Como ha señalado Emilio Lledó, “los modernos medios técnicos, concretamente la televisión, han transformado la estructura de la ‘apariencia’, la ontología del ‘fenómeno’, al permitirnos ver sin estar. Por supuesto, la cinematografía y las artes visuales habían ya hecho presente una forma de realidad que no está ‘realmente’. Pero la televisión permite traer a la presencia hechos simultáneos a nuestra mirada y que, sin embargo, están en otro lugar que aquél cuya imagen perciben los ojos. Y no sólo vemos el reflejo de lo que, de hecho, pasa, sino también las ficciones que representan sucesos que no ocurren, fantasmas de lo real, acontecimientos irreales, que ni siquiera están en el lugar en el que las imágenes los señalan. Aunque la tradición nos ha entregado referencias a ‘visiones’ de cosas o hechos que no han ‘existido’, ha sido en nuestro tiempo donde se ha convertido en un sustancioso negocio la fabricación y promoción de ‘fantasmas’. Los ojos humanos nunca vieron sino lo que se hacía presente en su estar; lo que podía ser percibido por el cuerpo y sus sentidos; pero los medios de comunicación televisiva han presentado a los ojos humanos formas y acontecimientos que ni han sucedido ni pueden suceder: un alimento continuo e incesante de irrealidad visual a la que no estábamos acostumbrados.
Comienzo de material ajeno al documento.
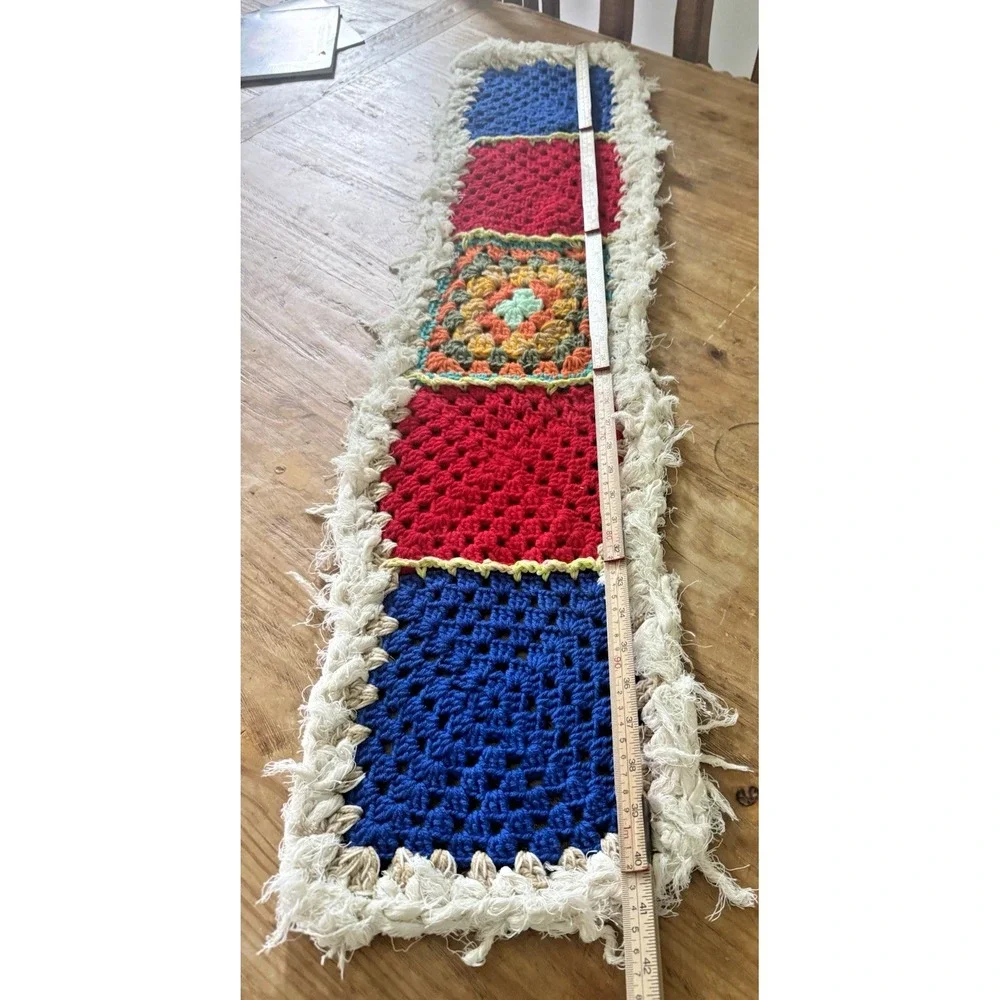 Handmade Crochet Knit Granny Square Red Blue Cream Table Runner Textile 40X13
Y esta presentación es de tal fuerza que empieza a difuminar los límites que separan lo real de lo irreal, lo verdadero de lo falso, lo posible de lo imposible” (Lledó, E.:“La voz de las imágenes”, en AA.VV.: Televisión y cultura. Valencia. Ente Público RTVV. 1995, pág. 29).
No nos debe extrañar, pues, que la realidad se haga espectáculo y nos “entretenga” como si de cualquier imagen de ficción se tratara.